Sunrise on the Reaping (A Hunger Games Novel) by Suzanne Collins
Book Published: 2025 | Genre: Dystopian Young Adult Fiction
Knowing how a book ends somehow doesn’t eliminate the devastation that takes over. This book gutted me. I knew my heart would hurt, but I didn’t quite anticipate the severity of it.
As a long-time, devoted fan of The Hunger Games, there was never a world in which I wouldn’t read Sunrise on the Reaping. Still, it took me a while to begin, because I had to prepare myself for what I knew would be a devastating story.
We’re reintroduced to Haymitch Abernathy, the 40-year-old alcoholic mentor of Katniss and Peeta. He’s the only surviving victor from District 12 and has witnessed 48 tributes die, not counting the 47 he watched perish during his own brutal experience in the 50th Hunger Games, the 2nd Quarter Quell.
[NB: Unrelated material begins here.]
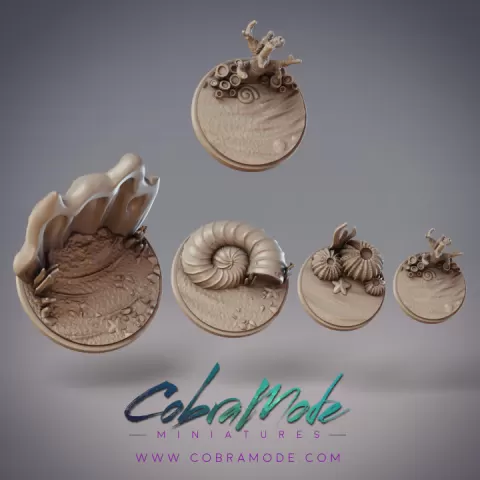 Seashells Base Pack 4pcs (Supportless) by CobraMode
We’ve always known he won. We’ve had glimpses of his arena, hints at how he outwitted the Capitol. But what we’ve never truly seen, until now, is the path that led him there: the Reaping, the slow spiral into the Games, and the unimaginable trauma that followed.
What breaks my heart the most is the realisation that the story of The Hunger Games, and of the revolution itself, truly began with Haymitch Abernathy.
While this is technically a review, I had such an emotional response to the book I haven’t been able to critique it in full, and while there are definitely criticisms, a few I will touch on, this will be a largely positive review.
This will be a spoiler-filled review, so if you haven’t read it, please steer clear.
Synopsis
Sunrise on the Reaping is set 50 years after the Dark Days, when the Capitol emerged victorious from the war that reshaped Panem. It takes place 40 years after The Ballad of Songbirds and Snakes, and 24 years before the Hunger Games trilogy. This year marks the second-ever Quarter Quell, where twice the number of tributes will be ripped from their homes.
Back in District 12, Haymitch Abernathy is trying not to think too hard about his chances. All he cares about is making it through the day and being with the girl he loves.
When Haymitch’s name is called, he can feel all his dreams break. He’s torn from his family and his love, shuttled to the Capitol with the three other District 12 tributes: a young friend who’s nearly a sister to him, a compulsive oddsmaker, and the most stuck-up girl in town. As the Games begin, Haymitch understands he’s been set up to fail. But there’s something in him that wants to fight… and have that fight reverberate far beyond the deadly arena.
The Emotional Gut Punch
I think the most devastating part of this story is that he was never meant to be reaped in the first place. He had avoided his name being called for another year, and if not for a series of extremely unfortunate events, he might have never seen the Hunger Games Arena.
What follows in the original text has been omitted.